**Question:** AKT1 E17K somatic mutation is associated with

A. Colorectal cancer
B. Breast cancer
C. Prostate cancer
D. Endometrial cancer

**Core Concept:**

The AKT1 E17K somatic mutation refers to a genetic alteration involving the AKT1 gene, which encodes the AKT1 protein, a serine/threonine kinase involved in regulating cellular processes such as cell growth, survival, and glucose uptake. The E17K mutation occurs at amino acid residue 17, where the lysine (K) substitution replaces the wild-type glutamic acid (E). This mutation has been associated with increased AKT1 activity and impaired insulin signaling, leading to uncontrolled cell growth and cancer development.

**Why the Correct Answer is Right:**

The AKT1 E17K mutation is primarily associated with endometrial cancer (Option D). While it is known to have implications in other cancers like colorectal, breast, and prostate cancers, the strongest evidence links this mutation to endometrial cancer, which is a type of cancer affecting the endometrium (inner lining) of the uterus. This association is supported by numerous studies that have demonstrated the involvement of the AKT1 gene in endometrial cancer progression and its role in impairing insulin signaling.

**Why Each Wrong Option is Incorrect:**

A. Colorectal cancer (Option A) is predominantly linked to mutations in KRAS, NRAS, and PIK3CA genes rather than AKT1 E17K. While AKT1 may contribute to colorectal carcinogenesis, the primary drivers of colorectal cancer are different.
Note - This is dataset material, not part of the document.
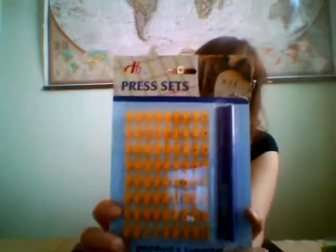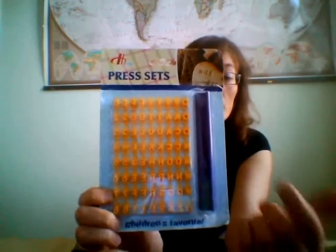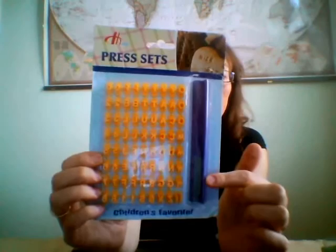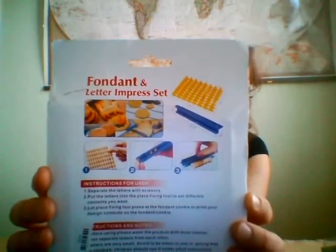So those were the embossing soap stamps. Now for the press set. I thought it would be very easy, because it makes sense — you have some letters, they're connected but you should separate them with scissors, and then you put them into the fixing tool, which is the blue one, and then you put them in the order you wish and just stamp. It's not that easy. These are the instructions — it looks easy, but there is one small problem.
B. Breast cancer (Option B) is primarily associated with mutations in BRCA1, BRCA2, and TP53 genes, rather than AKT1 E17K mutation. AKT1 is involved in breast cancer, but other genes play a more significant role in driving this type of cancer.

C. Prostate cancer (Option C) is typically driven by mutations in AR, TP53, and RB1 genes, not AKT1 E17K mutation. Although AKT1 may contribute to prostate cancer, other genes are more commonly implicated.

**Clinical Pearl:**

The AKT1 E17K mutation is a relatively rare genetic alteration, and the association with specific cancers is not absolute. However, understanding the role of AKT1 in cancer progression can aid in recognizing potential cases where this mutation may be implicated, facilitating appropriate diagnostic and therapeutic approaches in clinical practice.